You will then have to create a VPN client configuration file, called vpn.cnf. Use the following as a template and check that the settings match those specified on the OpenVPN server:
# Specify that this is a client configuration: client # Check whether the server is using a TUN or TAP interface, use the same here: dev tun ;dev tap # Check whether the server is using TCP or UDP protocol, use the same here: proto udp ;proto tcp # Specify the host name and OpenVPN port of the server: remote openvpn.example.com 1194 # Specify the file names of your certificates and key - these should not need changing. # The path names must be exactly as detailed below: ca /yealink/config/openvpn/keys/ca.crt cert /yealink/config/openvpn/keys/client.crt key /yealink/config/openvpn/keys/client.key # # NOTE: For Yealink-T32 or T38 phone, omit the initial /yealink directory , like this: # # ca /config/openvpn/keys/ca.crt # cert /config/openvpn/keys/client1.crt # key /config/openvpn/keys/client1.key # The rest of these settings should be unchanged: resolv-retry infinite nobind persist-key persist-tun mute-replay-warnings ns-cert-type server comp-lzo verb 3 mute 10
Now that you have the files, create the necessary directory tree layout:
- openvpn (folder)
- vpn.cnf
- keys (folder)
- ca.crt
- client.crt
- client.key
Use this directory layout to create a tar file that will be loaded on to your Yealink handset:
$ cd openvpn $ tar cvf openvpn.tar vpn.cnf keys
Configuring The Handset To Use OpenVPN
Once you have prepared the tar file you need to upload it to the handset and configure the handset to enable Open VPN.
Settings
- Find the handset's IP address. (On the handset, press Menu, then choose Status to view IP address.)
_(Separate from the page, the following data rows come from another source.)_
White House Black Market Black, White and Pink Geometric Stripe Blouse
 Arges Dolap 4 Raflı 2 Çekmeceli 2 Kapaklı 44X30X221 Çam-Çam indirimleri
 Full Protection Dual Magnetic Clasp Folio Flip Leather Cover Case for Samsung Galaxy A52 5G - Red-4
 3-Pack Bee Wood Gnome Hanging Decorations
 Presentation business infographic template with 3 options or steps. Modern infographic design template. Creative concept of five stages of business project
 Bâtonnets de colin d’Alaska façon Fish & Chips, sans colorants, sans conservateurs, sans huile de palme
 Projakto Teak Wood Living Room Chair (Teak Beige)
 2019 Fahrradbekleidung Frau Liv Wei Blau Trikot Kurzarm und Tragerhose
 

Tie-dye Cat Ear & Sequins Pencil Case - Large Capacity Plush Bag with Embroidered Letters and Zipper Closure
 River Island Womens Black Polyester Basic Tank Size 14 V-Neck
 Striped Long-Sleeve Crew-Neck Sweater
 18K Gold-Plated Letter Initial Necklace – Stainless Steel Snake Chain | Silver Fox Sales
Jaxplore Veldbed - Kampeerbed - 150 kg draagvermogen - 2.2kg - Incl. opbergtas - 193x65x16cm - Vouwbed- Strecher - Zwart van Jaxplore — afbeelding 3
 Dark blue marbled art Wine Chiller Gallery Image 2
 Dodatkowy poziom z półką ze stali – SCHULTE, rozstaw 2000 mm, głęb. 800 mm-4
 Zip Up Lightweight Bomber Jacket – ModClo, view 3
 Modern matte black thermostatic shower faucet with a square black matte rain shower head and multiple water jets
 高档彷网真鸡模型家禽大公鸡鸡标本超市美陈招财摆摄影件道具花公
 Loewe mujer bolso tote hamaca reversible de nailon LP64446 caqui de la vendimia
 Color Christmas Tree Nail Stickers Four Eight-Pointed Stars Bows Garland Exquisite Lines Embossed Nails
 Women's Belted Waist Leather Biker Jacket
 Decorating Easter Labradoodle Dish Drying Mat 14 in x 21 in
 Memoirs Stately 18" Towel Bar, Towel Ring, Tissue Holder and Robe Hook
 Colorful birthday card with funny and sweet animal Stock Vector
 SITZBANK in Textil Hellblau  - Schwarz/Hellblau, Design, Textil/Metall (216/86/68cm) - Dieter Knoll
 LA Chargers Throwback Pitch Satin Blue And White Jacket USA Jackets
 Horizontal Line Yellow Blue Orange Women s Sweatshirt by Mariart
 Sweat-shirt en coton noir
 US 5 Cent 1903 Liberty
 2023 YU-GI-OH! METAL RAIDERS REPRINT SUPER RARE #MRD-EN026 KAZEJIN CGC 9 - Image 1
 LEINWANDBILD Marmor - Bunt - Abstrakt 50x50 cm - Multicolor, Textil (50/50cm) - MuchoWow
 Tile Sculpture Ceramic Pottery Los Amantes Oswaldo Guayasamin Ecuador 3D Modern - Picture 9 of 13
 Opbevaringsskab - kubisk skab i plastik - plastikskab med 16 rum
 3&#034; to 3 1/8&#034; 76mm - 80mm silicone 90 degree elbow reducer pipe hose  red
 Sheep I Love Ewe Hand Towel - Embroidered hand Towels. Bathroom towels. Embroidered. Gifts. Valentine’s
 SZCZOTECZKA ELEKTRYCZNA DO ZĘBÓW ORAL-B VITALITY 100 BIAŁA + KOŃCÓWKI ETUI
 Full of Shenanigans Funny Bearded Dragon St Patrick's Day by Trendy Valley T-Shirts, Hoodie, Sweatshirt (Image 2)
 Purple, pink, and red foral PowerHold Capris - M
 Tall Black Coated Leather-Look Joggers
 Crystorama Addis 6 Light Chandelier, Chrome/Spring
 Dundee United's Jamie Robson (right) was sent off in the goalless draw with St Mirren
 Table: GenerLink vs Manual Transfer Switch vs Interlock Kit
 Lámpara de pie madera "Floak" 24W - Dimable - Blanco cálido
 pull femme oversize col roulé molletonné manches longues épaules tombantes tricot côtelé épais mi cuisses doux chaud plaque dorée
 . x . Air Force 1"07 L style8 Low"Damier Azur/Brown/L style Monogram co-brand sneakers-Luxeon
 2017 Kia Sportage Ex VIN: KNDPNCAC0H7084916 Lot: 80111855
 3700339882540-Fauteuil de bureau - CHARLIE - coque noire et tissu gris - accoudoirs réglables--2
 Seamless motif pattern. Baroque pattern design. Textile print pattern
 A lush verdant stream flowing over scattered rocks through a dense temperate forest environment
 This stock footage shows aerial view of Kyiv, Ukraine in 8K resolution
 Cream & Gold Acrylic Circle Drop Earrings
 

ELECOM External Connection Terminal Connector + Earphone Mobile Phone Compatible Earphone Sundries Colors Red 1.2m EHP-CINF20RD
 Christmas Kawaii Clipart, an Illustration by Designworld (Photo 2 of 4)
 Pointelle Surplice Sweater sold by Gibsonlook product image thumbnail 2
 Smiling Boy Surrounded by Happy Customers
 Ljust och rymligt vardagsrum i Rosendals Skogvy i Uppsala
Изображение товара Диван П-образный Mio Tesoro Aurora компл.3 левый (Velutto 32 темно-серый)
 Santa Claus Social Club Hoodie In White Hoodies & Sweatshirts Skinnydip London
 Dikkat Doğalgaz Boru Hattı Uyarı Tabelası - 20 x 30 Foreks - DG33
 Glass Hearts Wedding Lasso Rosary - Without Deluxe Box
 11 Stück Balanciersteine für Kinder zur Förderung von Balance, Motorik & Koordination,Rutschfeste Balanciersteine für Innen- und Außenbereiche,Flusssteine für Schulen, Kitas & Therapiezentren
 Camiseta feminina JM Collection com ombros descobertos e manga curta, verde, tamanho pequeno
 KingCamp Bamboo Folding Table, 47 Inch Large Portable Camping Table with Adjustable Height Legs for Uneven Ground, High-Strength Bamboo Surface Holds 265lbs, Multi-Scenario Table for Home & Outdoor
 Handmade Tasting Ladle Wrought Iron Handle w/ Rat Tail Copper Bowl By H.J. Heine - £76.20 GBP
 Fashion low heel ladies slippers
- Open the phone’s web configuration (http://<phone IP address>/). Log in (default user name and password are admin/admin).
- From the phones web interface select “Network -> Advanced”.
- Scroll to the VPN Section:
- Click Browse and find the tar file created above.
- Click Import.
- Then, check that VPN Active is set to Enabled, scroll to the botton of the page and click "Confirm".
- Go to the "Account" tab.
- Ensure that "SIP Server" is specified as the address of the Asterisk PBX as seen over the VPN*.
* In some cases the PBX may be visible both over the VPN and directly on the Internet, although this is not recommended. In these cases, if the Internet visible address of the PBX is used the handset will connect directly, not over the encrypted VPN, so ensure the VPN visible address is used.
Note: if you make a mistake and have to recreate and re-load you tar file then you must first disable the VPN setting, upload the new key and the re-enable the VPN. The new key will not upload if you fail to do this!
Firewall Implications
For the VPN to work, the phone must be able to make a connection to the remote PBX via OpenVPN.
For our configuration, that means that the phone must be able to make an outbound connection to the Internet on UDP Port 1194. This can be restricted to the PBX IP address if desired.
Your PBX must be able to accept connections on UDP Port 1194 as well - these can be restricted to Phone IP addresses if you know where your phones will connect from, but in general the PBX should accept OpenVPN connections from anywhere.
Diagnosing issues
The yealink handsets allows you to download a log file which can be quite useful in diagnosing issues. Search for the keywoard 'openvpn' in the logs.